Then and Now

Who we were then ...



Who we are now ...



In 1950s voter suppression meant that if you were black and showed up to vote, you might be asked to interpret an obscure passage from the Constitution. If blacks had been offered a free ID card that guaranteed the right to vote, it would have been construed as "victory achieved."

In the 1950's racism meant being kicked, beaten, or spat upon if you tried to go to the "wrong" school. Now racism means you might catch sight of a statue of some old man on a horse.

Until 1964 racism meant not being able to eat in a restaurant of your choice. Now the protections include making sure you won't see this monument if you're a student at Yale. (The musket was deemed to be possibly racially threatening and so the musket was removed from the carving.)

Before musket was removed from carving
After musket was covered.
Having first covered up the musket, Yale eventually decided to remove the carving in its entirety as a result of having drawn criticism first for displaying the musket and subsequently for bowing to pressure to cover it up.

Years ago entering the U.S. illegally was not only against the law but was a punishable offense. Now asking someone if they've entered the country illegally is a punishable offense in many areas if you happen to be a local law enforcement agent.

At the same time, no one should deny that situations arise regularly where people are judged unfairly because of attributes that often include race. (When I was a freshman at UNC in 1961 my English professor gave me a B+ on a paper and noted that as a graduate of a rural public high school I shouldn't aspire to anything more.) And a friend from Kentucky once noted that because of his southern accent he was regularly judged to be an easy target, a fact that had enabled him to achieve considerable wealth via business dealings with people who underestimated him because of his accent.

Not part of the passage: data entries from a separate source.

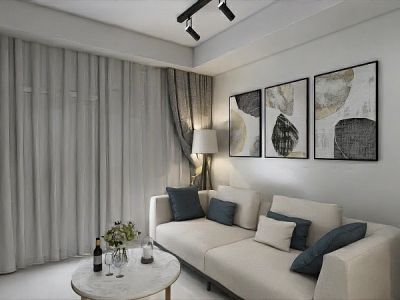 凤凰花园80平米简约二居装修案例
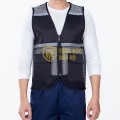 Áo gile phản quang kaki cao cấp phối lưới thoáng mát, bền đẹp TK63, Size XL - Màu xanh neon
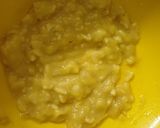 A picture of step 1 of Banana Modak.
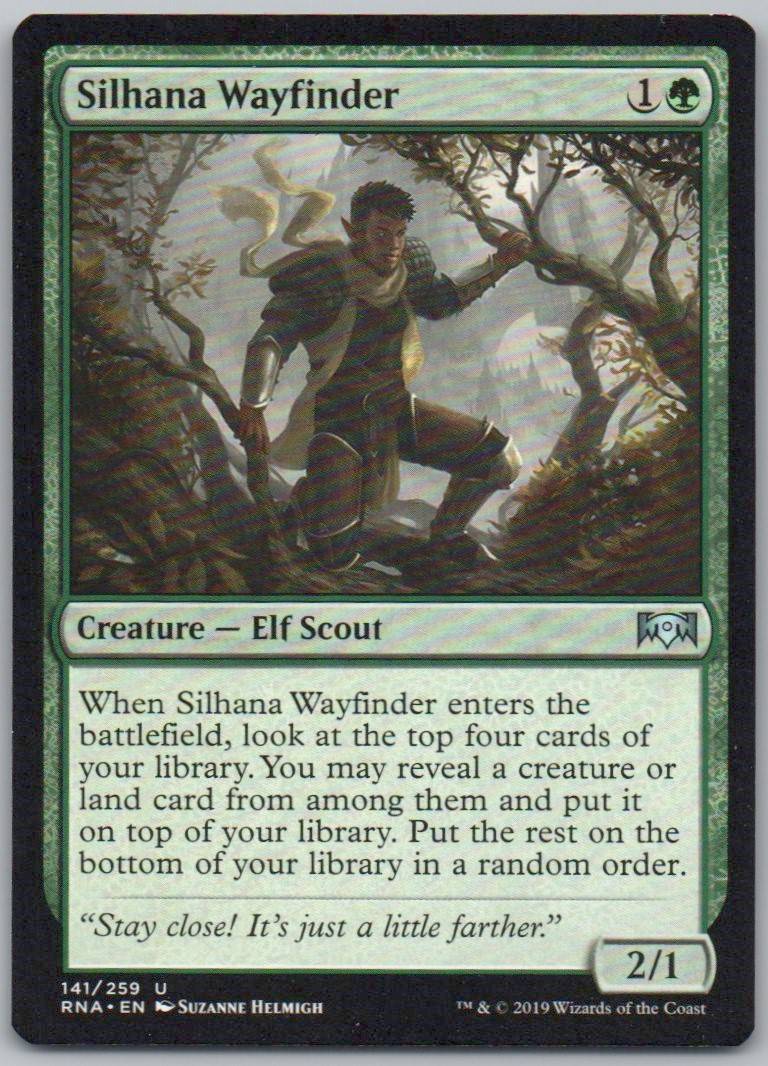 Silhana Wayfinder 141 Normal Creature Card - Ravnica Allegiance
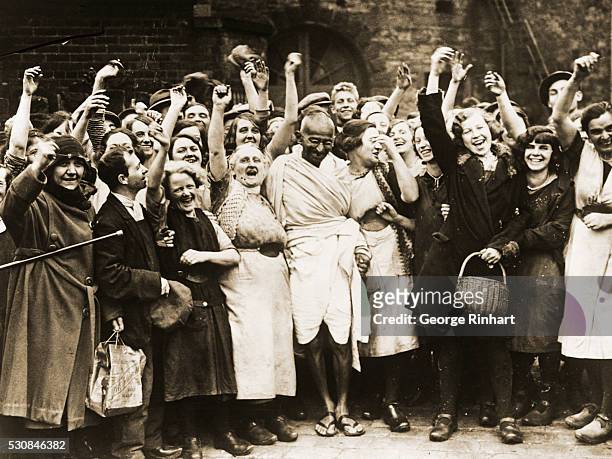 Mahatma Gandhi was given a wonderful reception in Lancashire when he visited the Greenfield Mill at Darwen in the course of his tour of the...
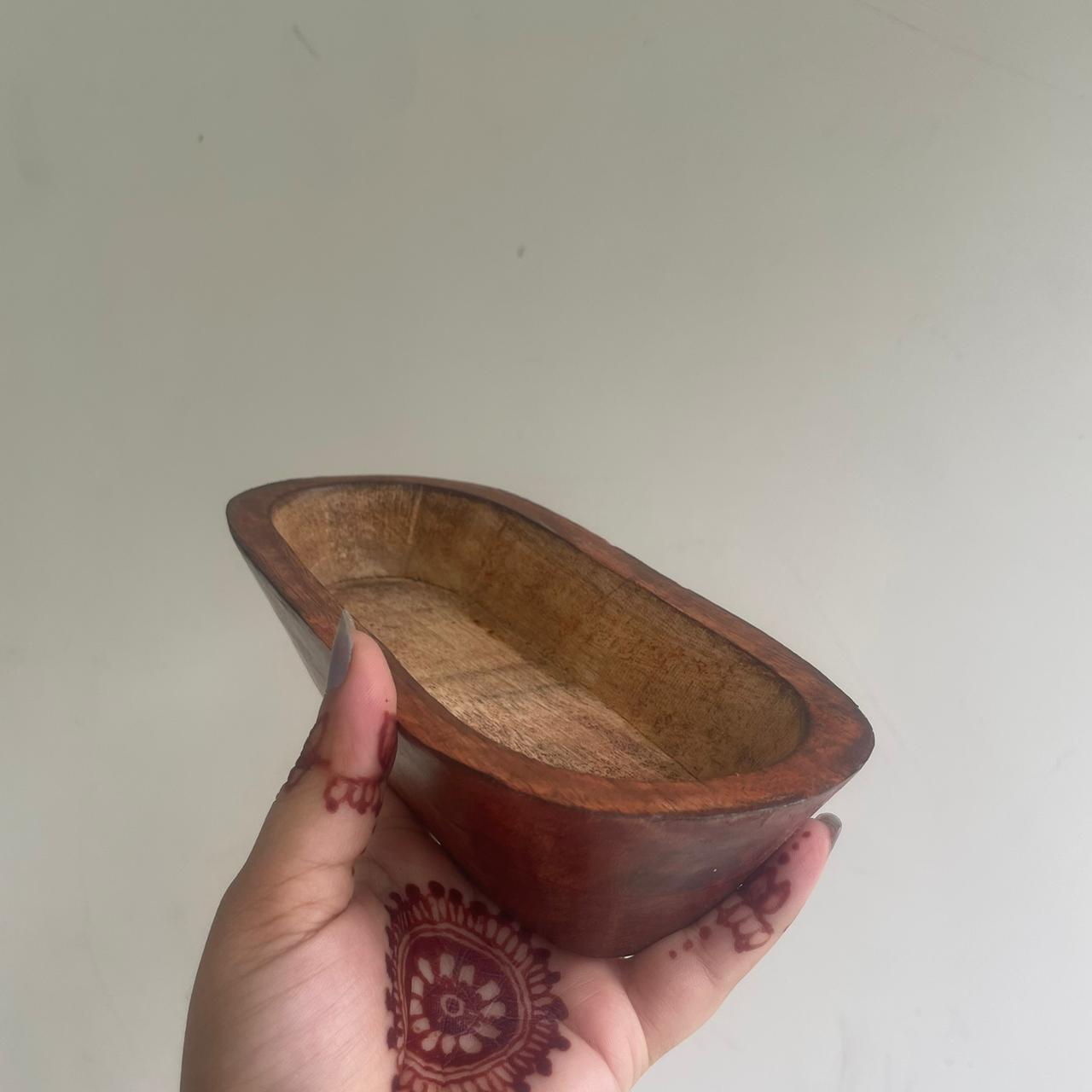 Wooden Boat For Candle Making 4* 8 inch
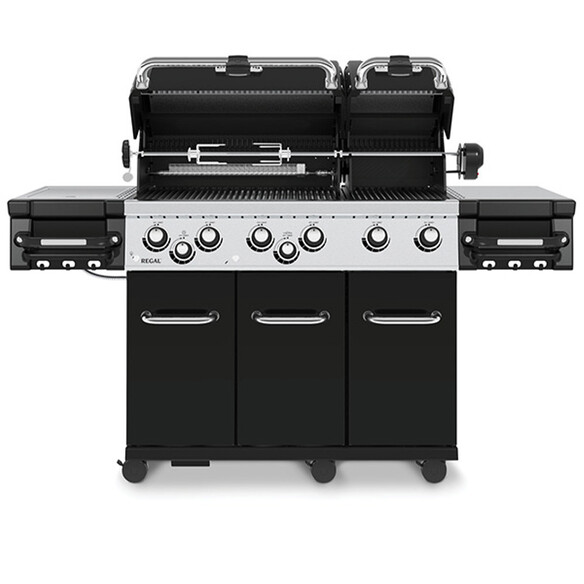 Barbecue gaz Regal 690 Noir   rôtisserie   réchaud latéral - Broil King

Jason L. Riley, an African American journalist who is a member of the Wall Street Journal's editorial board says ...

Liberals make a fetish of Civil War monuments because it feeds their hallowed slavery narrative, which posits that racial inequality today is mainly a legacy of the country's slave past. One problem with these assumptions about slavery's effects on black outcomes today is that they are undermined by what blacks were able to accomplish in the first hundred years after their emancipation, when white racism was rampant and legal and blacks had bigger concerns than Robert E. Lee's likeness in a public park. Today, slavery is still being blamed for everything from black broken families to high crime rates in black neighborhoods to racial gaps in education, employment and income. 

Riley then goes on to cite data which he claims demonstrates rapid improvements in the black community during the Jim Crow era followed by deteriorating black family structure during the years of the welfare state. An example from my own childhood is found in the fact that prior to the advent of federal agriculture initiatives many small farm operations run by blacks were quite viable. However, with the advent of federal support programs for farmers, discrimination in Dept. of Agriculture programs, i.e. blatant racism, put many small farms operated by blacks out of business because they weren't getting federal subsidies that the white farmers were getting, and the subsidies to large scale farming operations was by then working to the detriment of small farmers of any race.